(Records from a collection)
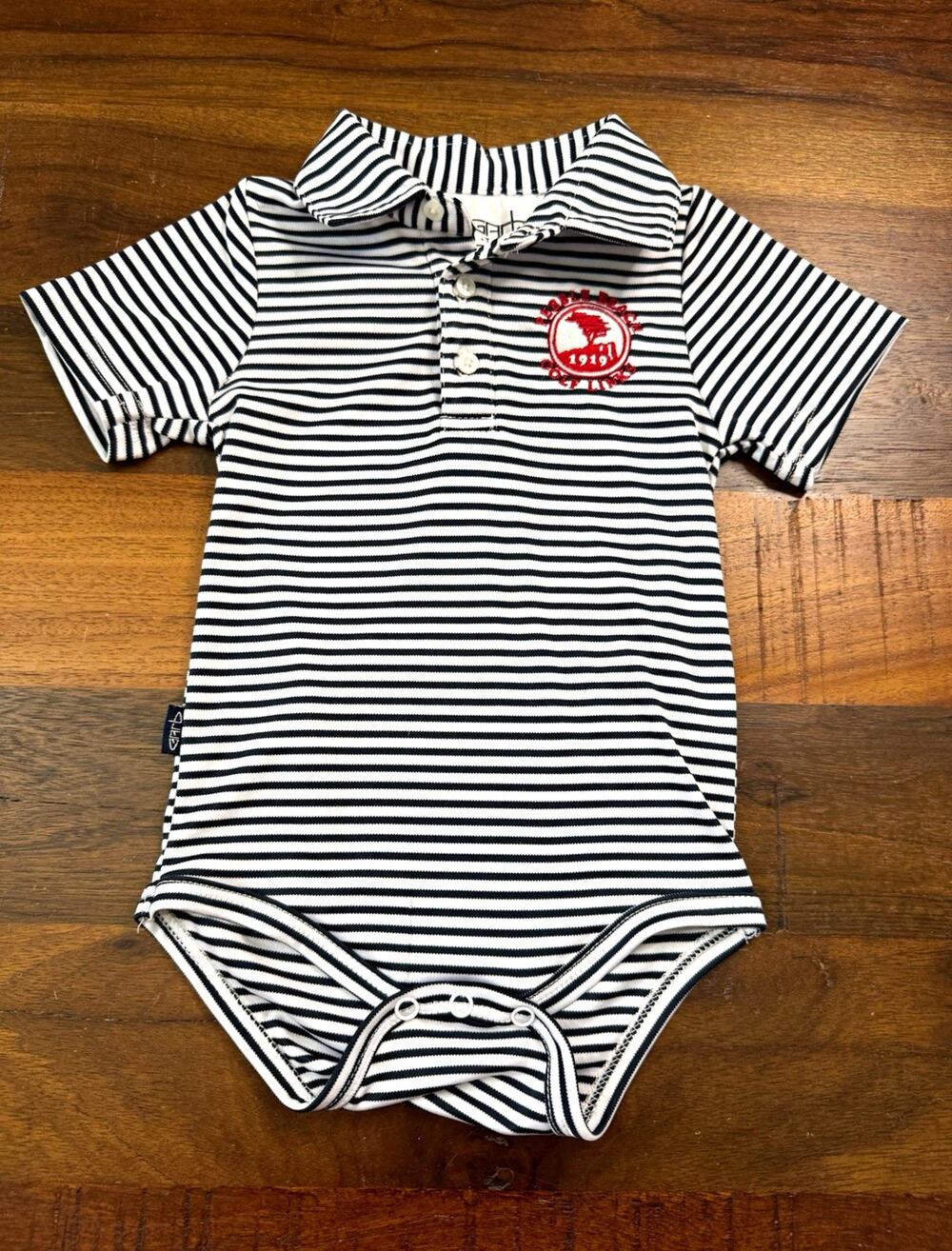 Embroidered Pebble Beach Golf Polo Sleeve Snap 6-12M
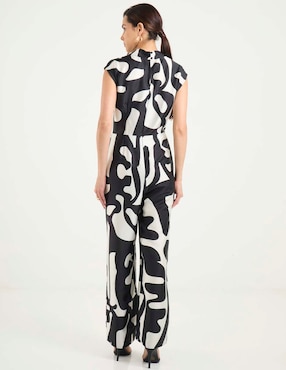 Jumpsuit Contempo casual estampado animal print para mujer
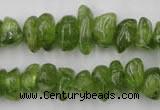 COQ64 15.5 inches 8*12mm natural olive quartz chips beads wholesale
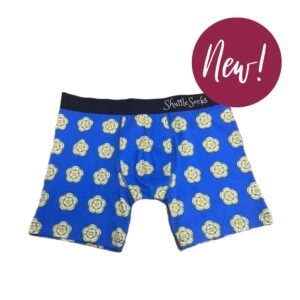 Boxer briefs with Yorkshire Rose design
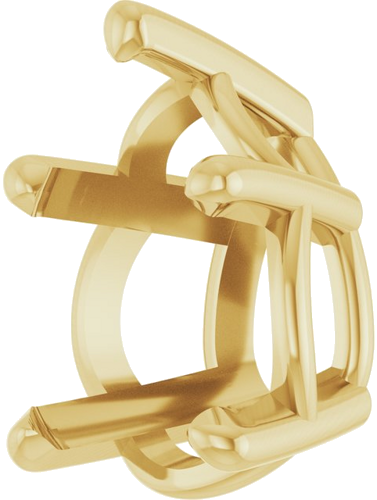 Pakabukas „Pear 5-Prong Solitaire“ 14k yellow gold Pear 7mm x 5mm (2)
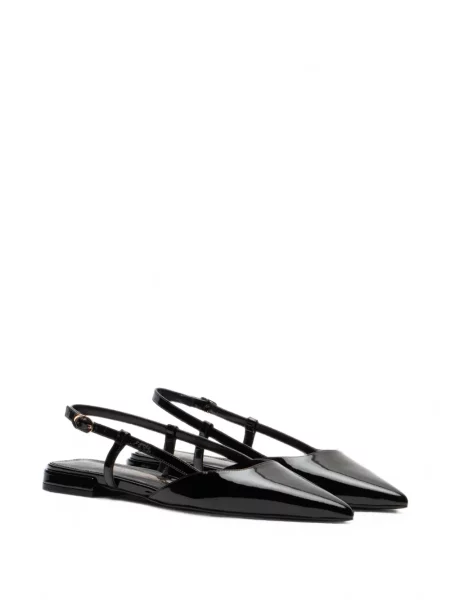 Pantofi cu toc Stuart Weitzman slingback negru
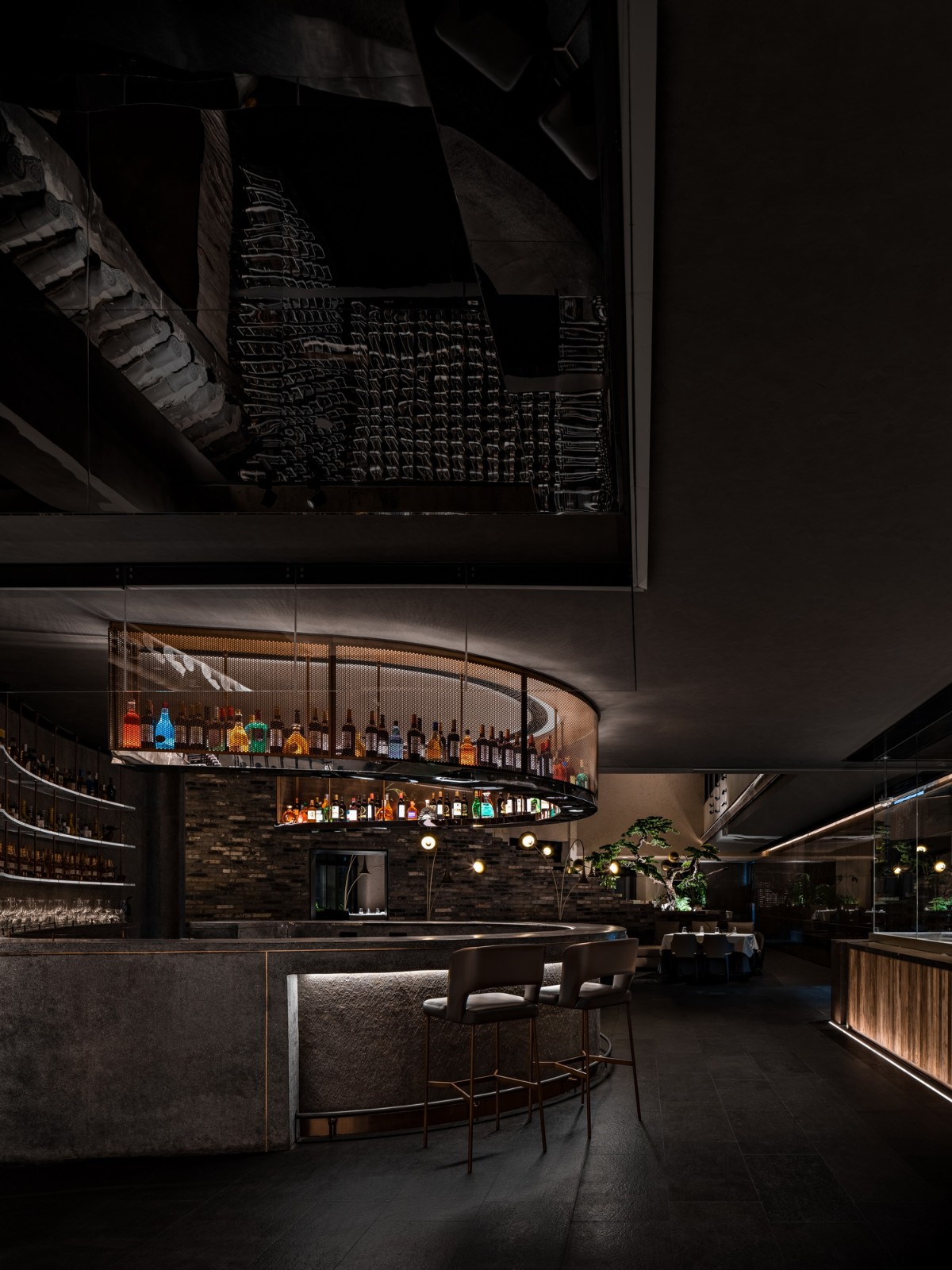 BIM建筑|四季民福上海外滩店 / IN.X屋里门外设计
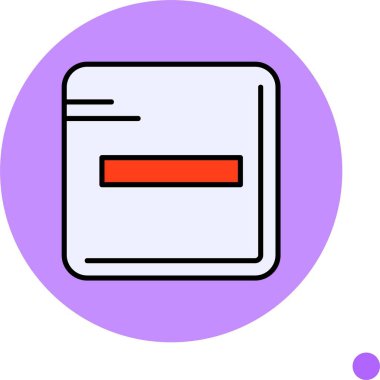 Renkli arkaplan, vektör illüstrasyonundaki simgeyi sil  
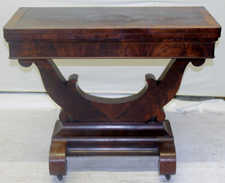LARGE LYRE BASE CARD TABLE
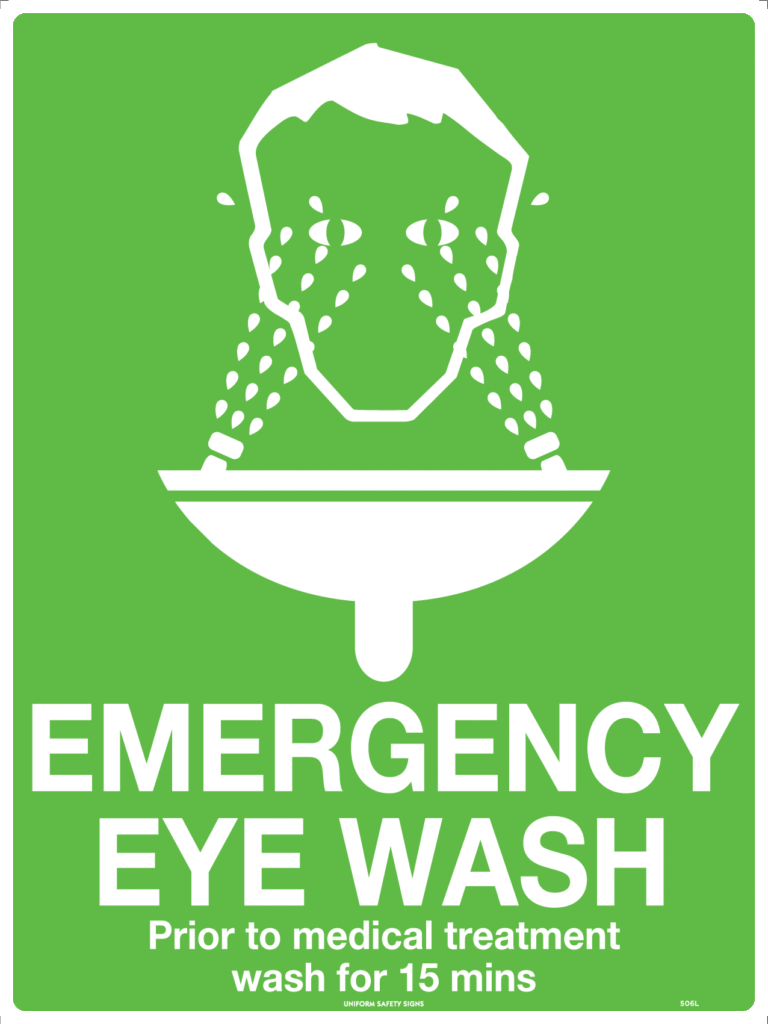 Emergency Eye Wash | First Aid Signs | USS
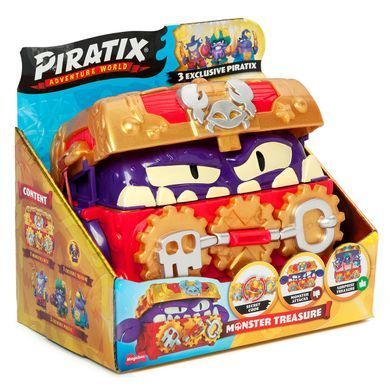 Ігровий набір Скриня зі скарбами Piratix Adventure World Monster Treasure PPXSP116IN00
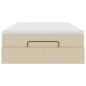 Preview: Ottoman-Bett mit Matratze Creme 120x200 cm Stoff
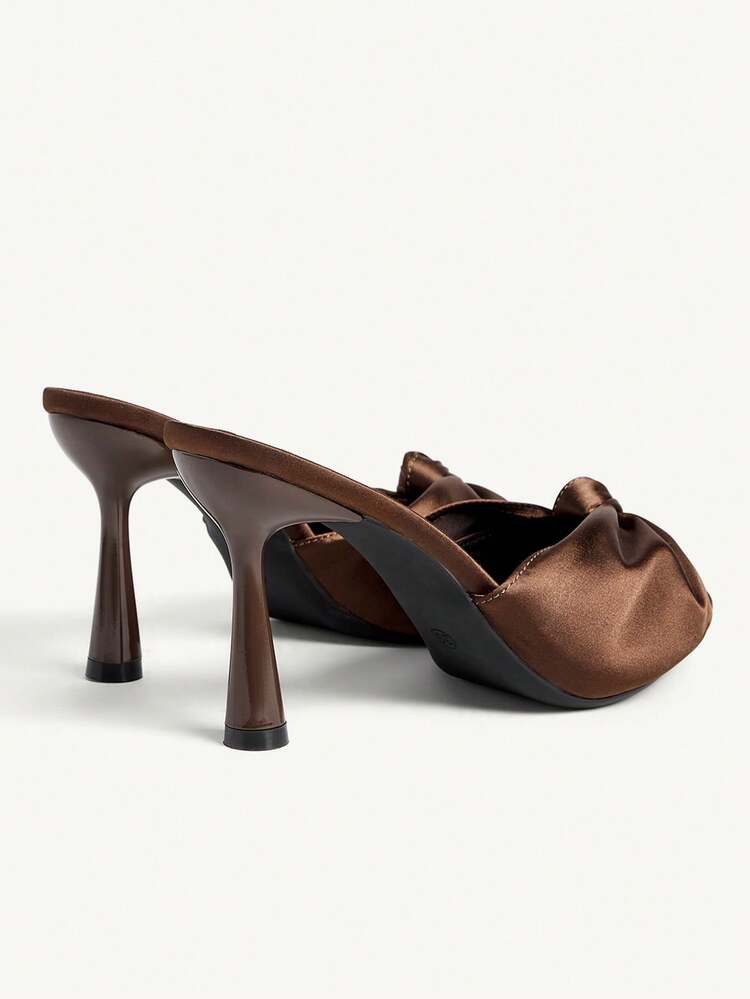 CUCCOO CHICEST Summer New Twist Round Toe Thin Heel Bow High Heels Wedding Shoes Spring Shoes Bride Shoes
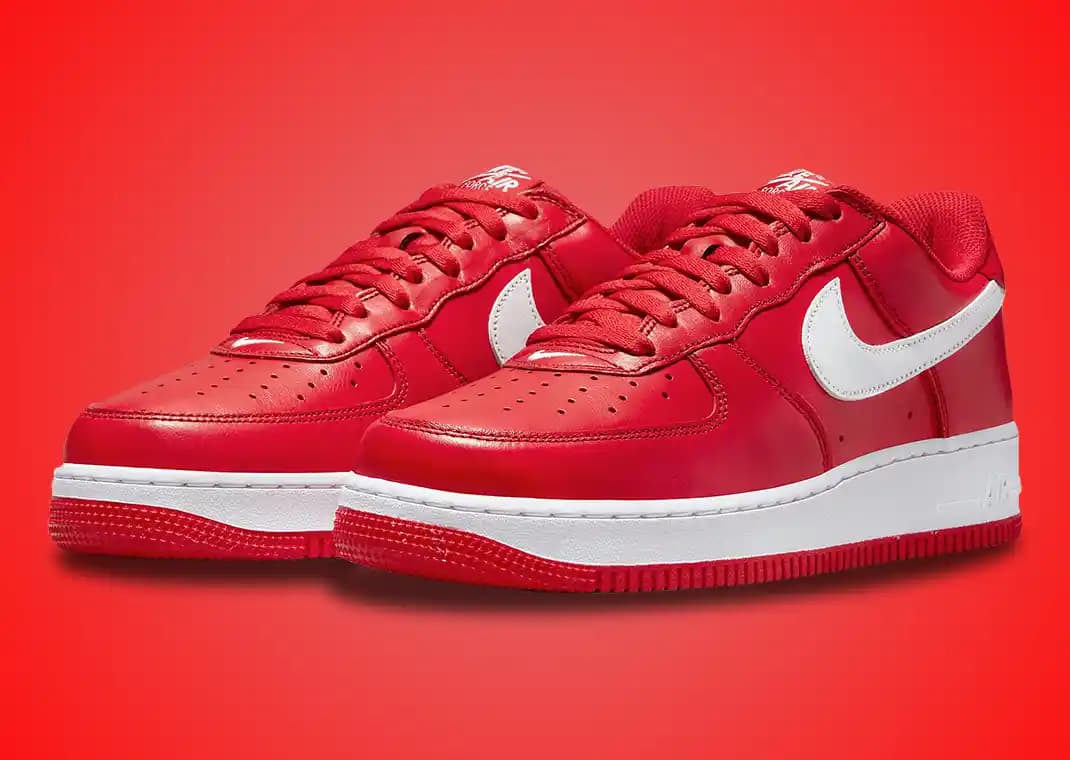 Red Air Force 1 Moda Dünyasında Cesur ve İkonik Bir Tarz İfadesidir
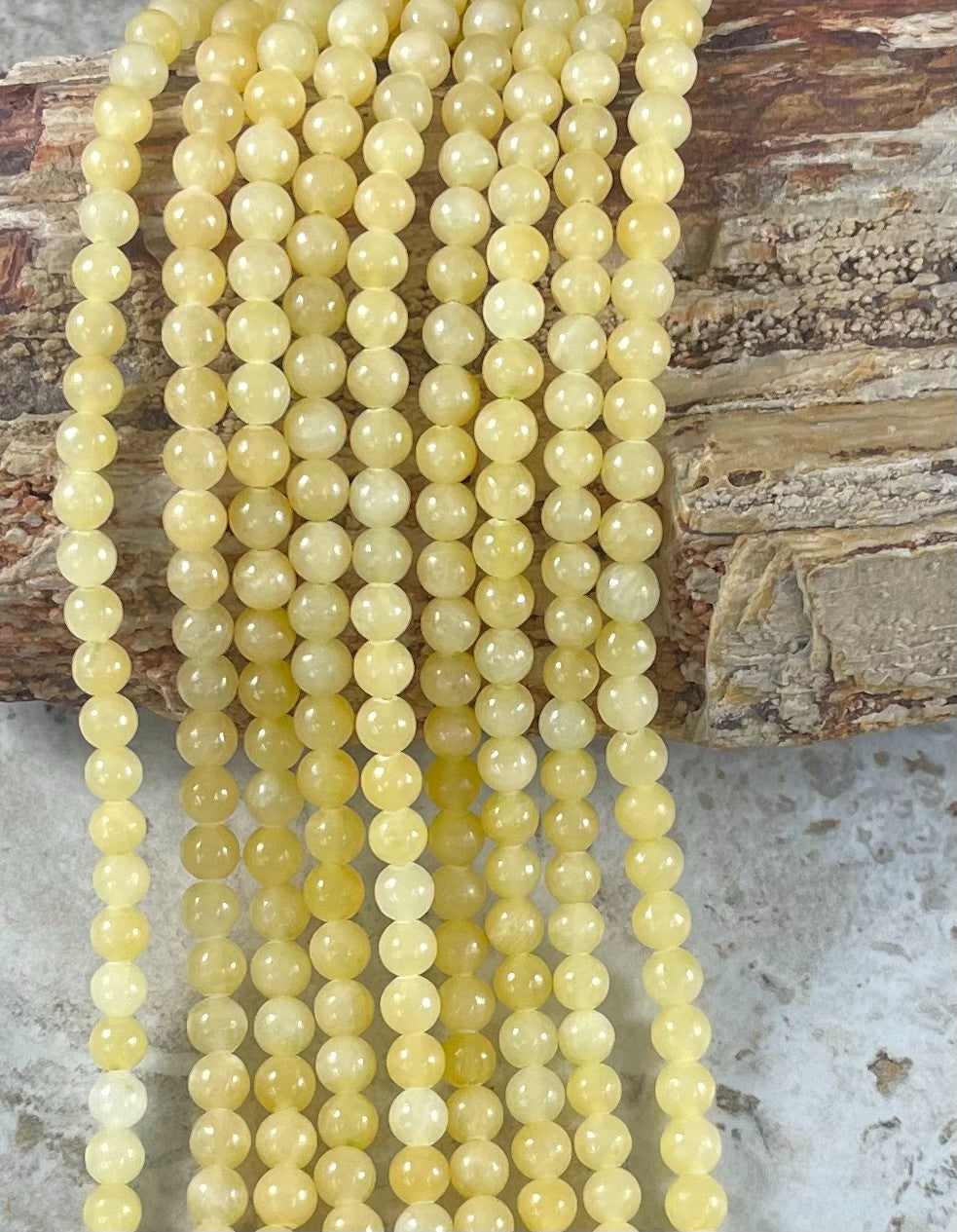 Honey Calcite aka Jade Round-3
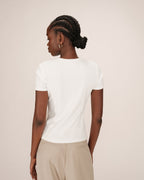 T-Shirt Col Rond Ivoire Sure
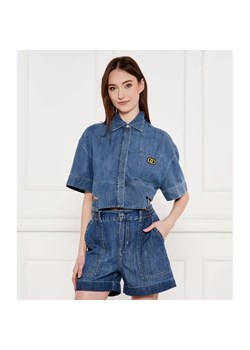 Liu Jo Jeansowa koszula | Cropped Fit ze sklepu Gomez Fashion Store w kategorii Koszule damskie - zdjęcie 184982420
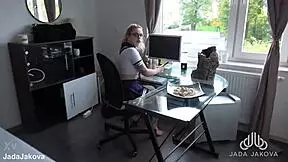 Tutor pounds wet blonde teen pussy creampie instead of lessons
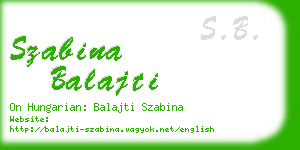 szabina balajti business card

# Exercise brief
Word for word, retype the lines from the one that contains "BIM建筑|四季民福上海外滩店 / IN.X屋里门外设计" through the final line of the data, both ends included, excluding pictures.

# Response to this exercise
 BIM建筑|四季民福上海外滩店 / IN.X屋里门外设计
 Renkli arkaplan, vektör illüstrasyonundaki simgeyi sil  
LARGE LYRE BASE CARD TABLE
 Emergency Eye Wash | First Aid Signs | USS
 Ігровий набір Скриня зі скарбами Piratix Adventure World Monster Treasure PPXSP116IN00
 Preview: Ottoman-Bett mit Matratze Creme 120x200 cm Stoff
 CUCCOO CHICEST Summer New Twist Round Toe Thin Heel Bow High Heels Wedding Shoes Spring Shoes Bride Shoes
 Red Air Force 1 Moda Dünyasında Cesur ve İkonik Bir Tarz İfadesidir
 Honey Calcite aka Jade Round-3
 T-Shirt Col Rond Ivoire Sure
 Liu Jo Jeansowa koszula | Cropped Fit ze sklepu Gomez Fashion Store w kategorii Koszule damskie - zdjęcie 184982420
 Tutor pounds wet blonde teen pussy creampie instead of lessons
 szabina balajti business card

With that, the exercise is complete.